Using the listing below, set down exactly the lines from the one that contains "Foto del edificio - 504 NW 92nd St" through the one that contains "SINIR KAPISINA 3 HAVAN TOPU İSABET ETTİ", with no pictures.
[Opening Records provided section]
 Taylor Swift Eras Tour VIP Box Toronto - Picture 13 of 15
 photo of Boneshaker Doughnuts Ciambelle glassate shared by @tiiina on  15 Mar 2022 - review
[Closing Records provided section]
[Opening Records provided section]
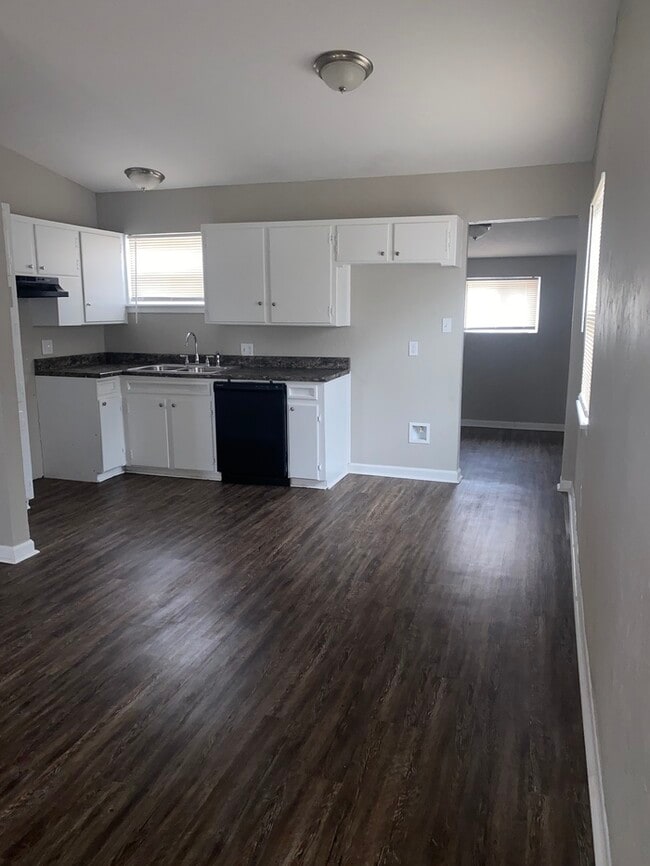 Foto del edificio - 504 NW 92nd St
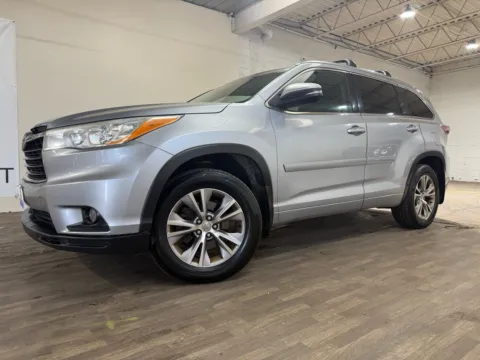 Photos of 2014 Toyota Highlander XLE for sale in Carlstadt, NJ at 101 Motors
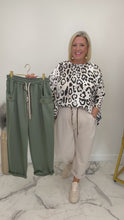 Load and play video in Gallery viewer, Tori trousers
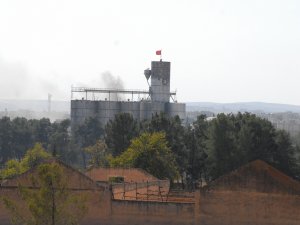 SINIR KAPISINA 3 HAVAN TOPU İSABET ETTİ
[Closing Records provided section]
Your solution:
 Foto del edificio - 504 NW 92nd St
 Photos of 2014 Toyota Highlander XLE for sale in Carlstadt, NJ at 101 Motors
 Load and play video in Gallery viewer, Tori trousers
 SINIR KAPISINA 3 HAVAN TOPU İSABET ETTİ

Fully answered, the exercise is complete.